While such adulatory rambles once satisfied the need for any information about the lofty Tibetans, those times are gone, and Thurman's book a relic of them. If he has any coherent political thesis, it is that government should unite church and state in the single embrace of Vajrayana Buddhism, with monks and nuns charged with all-purpose duties of social betterment. To seriously suggest that a welfare system run by pious bureacrats is the next stage in government is mere naivete. And while the book might be a useful source of politically correct quotes for politicians looking to spiritualize the practice of statecraft, most would still get more from the opening lines of the Declaration of Independence from which Thurman lifted his subtitle:

"We hold these Truths to be self-evident, that all Men are created equal, that they are endowed by their Creator with certain inalienable Rights, that among these are Life, Liberty and the Pursuit of Happiness -- That to secure these Rights, Governments are instituted among Men, deriving their just Powers from the Consent of the Governed...."
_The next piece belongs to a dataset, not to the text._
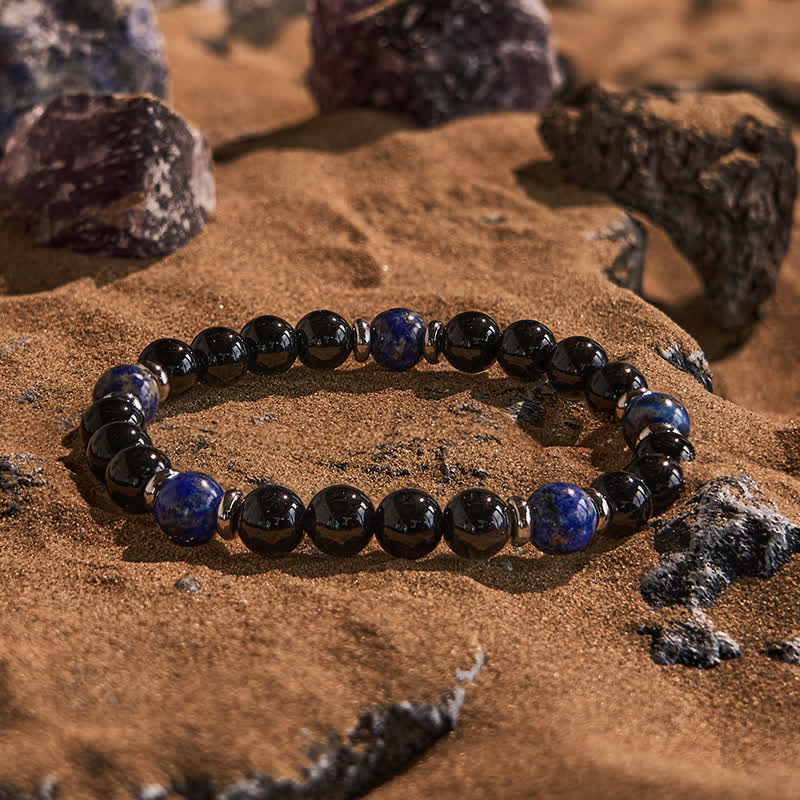Bracelet en perles d'onyx noir naturel et de lapis-lazuli Olivenorma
Unlike the Constitutional framers, Thurman places his faith in the intuitions and inspirations of the elite, the annointed, and the enlightened. He admires Ashoka, who compelled allegiance to an ideal creed, and the Mongol lord who made the Fifth Dalai Lama the ruler of Tibet. Thurman places no faith in the value of government based on the "consent of the governed," and thus his talk of democratic Buddhism is completely hollow. Inner Revolution provides only a nostalgic prescription to return to faith in special people and magical doctrines, and is marked by yearnings for supernatural solutions to concrete problems. The book fails to provide the up-to-date blending of spirit and politics promised by its title, and instead succeeds best as another pep rally to preserve the fading cultural heritage of Tibet.